Something I learned 20 years ago has made a huge difference to my writing, presenting, and pitching: you have to know what your audience is thinking.
The original idea came from a how-to book on writing I read back then, but it’s a common enough meme. Typing “you have to know what your audience is thinking” into Google just now (sans quotes) gave some 46M hits (although only 8 for the quoted string).
If you bear in mind, when making a pitch, where your audience is going to be mentally at each stage of the pitch, you will certainly make a better pitch.

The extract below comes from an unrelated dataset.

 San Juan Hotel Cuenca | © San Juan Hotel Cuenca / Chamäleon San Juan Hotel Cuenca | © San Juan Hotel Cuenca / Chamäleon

Take the usual custom (in which entrepreneurs are widely coached) of spending a huge number of slides at the beginning of a pitch describing and justifying the market problem your startup will address.
Complete waste of time.
Most investors will fall into one of three camps in the first 20 seconds of your “market need” recital:
- I get it, I agree 100%
- I get it, I disagree 100%
- I get it, I’m not sure if I agree or disagree, but I’m willing to stipulate that there is such a need for the sake of argument while you tell me what you’re going to do about it.
In all three cases, they’ve made up their mind. Ten more slides will only put them to sleep.
Of course, short of telepathy, we can’t know what our audience is thinking. But we can make shrewd guesses along the lines of the above. And making the effort really opens your mind to how to structure the pitch so that it tracks with your listeners’ real state of mind, which puts you way ahead of the pack.